As a new specifier, apart from those common in other dysfunctions such as severity, it should be assessed whether you have never experienced an orgasm in any situation.
In reference to the prevalence, this is very wide, ranging between 10-42%, assessing different factors. Of the women with orgasmic dysfunction, only a portion report associated discomfort and 10% say they have never experienced an orgasm. The probability of having had an orgasm increases with age, with the occurrence of this being more variable than in men.
Guided masturbation training It is the one that shows the greatest effectiveness for the treatment of female orgasmic disorder. This technique consists of training the pubococcygeus muscle through self-stimulation complemented by the use of vibrators.
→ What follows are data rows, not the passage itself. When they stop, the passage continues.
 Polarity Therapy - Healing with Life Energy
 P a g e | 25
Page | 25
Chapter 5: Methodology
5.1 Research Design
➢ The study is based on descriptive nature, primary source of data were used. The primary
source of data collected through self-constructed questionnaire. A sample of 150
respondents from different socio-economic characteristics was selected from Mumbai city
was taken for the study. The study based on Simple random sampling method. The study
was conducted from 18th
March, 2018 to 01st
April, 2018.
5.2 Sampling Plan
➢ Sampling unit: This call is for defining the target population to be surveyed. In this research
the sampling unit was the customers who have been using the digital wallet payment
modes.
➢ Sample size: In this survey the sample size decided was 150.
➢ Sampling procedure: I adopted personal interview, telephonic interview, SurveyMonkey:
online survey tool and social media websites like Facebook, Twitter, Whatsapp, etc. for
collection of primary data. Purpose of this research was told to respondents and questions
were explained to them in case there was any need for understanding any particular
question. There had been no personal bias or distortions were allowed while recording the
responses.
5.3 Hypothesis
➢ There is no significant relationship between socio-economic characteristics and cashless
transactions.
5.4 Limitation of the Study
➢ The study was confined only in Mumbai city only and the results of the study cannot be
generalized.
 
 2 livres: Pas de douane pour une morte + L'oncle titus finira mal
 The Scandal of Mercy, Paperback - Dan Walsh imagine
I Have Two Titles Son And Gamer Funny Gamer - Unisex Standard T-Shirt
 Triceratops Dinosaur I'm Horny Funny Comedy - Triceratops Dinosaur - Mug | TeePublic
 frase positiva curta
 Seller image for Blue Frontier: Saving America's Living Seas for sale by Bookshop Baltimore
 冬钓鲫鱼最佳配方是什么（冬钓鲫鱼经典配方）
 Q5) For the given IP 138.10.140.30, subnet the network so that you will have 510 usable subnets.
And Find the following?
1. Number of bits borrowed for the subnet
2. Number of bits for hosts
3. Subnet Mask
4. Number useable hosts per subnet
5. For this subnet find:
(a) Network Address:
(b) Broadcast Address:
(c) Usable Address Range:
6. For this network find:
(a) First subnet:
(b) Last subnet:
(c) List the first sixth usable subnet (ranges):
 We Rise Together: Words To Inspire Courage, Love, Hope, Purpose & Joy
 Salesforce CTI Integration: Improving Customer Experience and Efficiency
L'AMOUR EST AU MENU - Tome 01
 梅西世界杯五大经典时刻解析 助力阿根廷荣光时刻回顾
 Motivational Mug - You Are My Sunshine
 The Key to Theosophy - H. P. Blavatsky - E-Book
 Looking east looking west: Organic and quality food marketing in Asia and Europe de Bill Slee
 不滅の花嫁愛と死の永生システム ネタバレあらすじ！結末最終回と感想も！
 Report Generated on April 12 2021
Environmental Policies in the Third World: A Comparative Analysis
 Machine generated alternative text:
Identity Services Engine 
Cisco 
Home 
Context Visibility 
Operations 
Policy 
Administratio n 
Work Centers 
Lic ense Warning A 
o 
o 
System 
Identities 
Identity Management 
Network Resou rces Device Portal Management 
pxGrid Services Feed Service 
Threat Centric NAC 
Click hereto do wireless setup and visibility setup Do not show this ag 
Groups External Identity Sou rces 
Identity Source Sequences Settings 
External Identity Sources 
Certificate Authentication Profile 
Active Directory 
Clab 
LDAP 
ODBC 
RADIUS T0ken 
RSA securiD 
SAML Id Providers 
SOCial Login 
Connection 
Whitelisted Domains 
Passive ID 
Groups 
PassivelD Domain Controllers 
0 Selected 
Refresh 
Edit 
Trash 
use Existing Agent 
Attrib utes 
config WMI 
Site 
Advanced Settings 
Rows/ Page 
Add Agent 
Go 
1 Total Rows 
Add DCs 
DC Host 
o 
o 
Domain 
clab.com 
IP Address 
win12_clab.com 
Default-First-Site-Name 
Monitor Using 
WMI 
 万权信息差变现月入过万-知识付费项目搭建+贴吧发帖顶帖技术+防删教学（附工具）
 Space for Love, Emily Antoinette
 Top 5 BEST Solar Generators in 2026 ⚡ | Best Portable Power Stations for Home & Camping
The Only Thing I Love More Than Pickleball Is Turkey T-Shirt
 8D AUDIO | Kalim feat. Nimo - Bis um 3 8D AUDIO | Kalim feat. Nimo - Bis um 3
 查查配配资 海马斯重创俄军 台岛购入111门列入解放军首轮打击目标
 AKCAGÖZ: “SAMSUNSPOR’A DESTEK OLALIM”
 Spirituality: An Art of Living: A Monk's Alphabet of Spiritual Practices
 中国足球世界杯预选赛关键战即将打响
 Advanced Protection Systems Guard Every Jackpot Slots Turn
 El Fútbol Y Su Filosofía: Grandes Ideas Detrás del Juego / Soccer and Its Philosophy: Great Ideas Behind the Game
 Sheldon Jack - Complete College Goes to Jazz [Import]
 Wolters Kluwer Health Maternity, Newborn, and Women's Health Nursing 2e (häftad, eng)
The shoring technique or bridge technique has also been tested, which involves manual stimulation of the clitoris during penetration accompanied by a thrusting movement to make it easier to achieve orgasm.
4. Female sexual interest/arousal disorder
DSM 5 considers that reduced sexual interest or arousal is expressed by three or more of the following symptoms: absence or reduced interest in sexual activity; absence or reduction of erotic sexual thoughts or fantasies; absence or reduction of initiative for sexual intercourse, she is not receptive; absence or reduction of pleasure in most situations (75-100%); absence or reduction of interest or arousal to internal or external sexual cues; or absence or reduction of genital or non-genital sensations during intercourse in most cases.
Persists for 6 or more months and causes discomfort According to the DSM 5 description of interest or arousal disorder, the exact prevalence is not known, although it seems that sexual desire decreases with age. Variables such as culture or the presence of stress can also influence. It has been recorded that the majority of women, with a longer relationship, point out that, with high frequency, the beginning of the sexual act and desire is unclear.
One of the most tested interventions and considered probably effective is orgasm consistency training it is an intervention with cognitive and behavioral techniques that aim to increase sexual satisfaction, intimacy and knowledge through the application and practice of new sexual strategies and skills for the couple.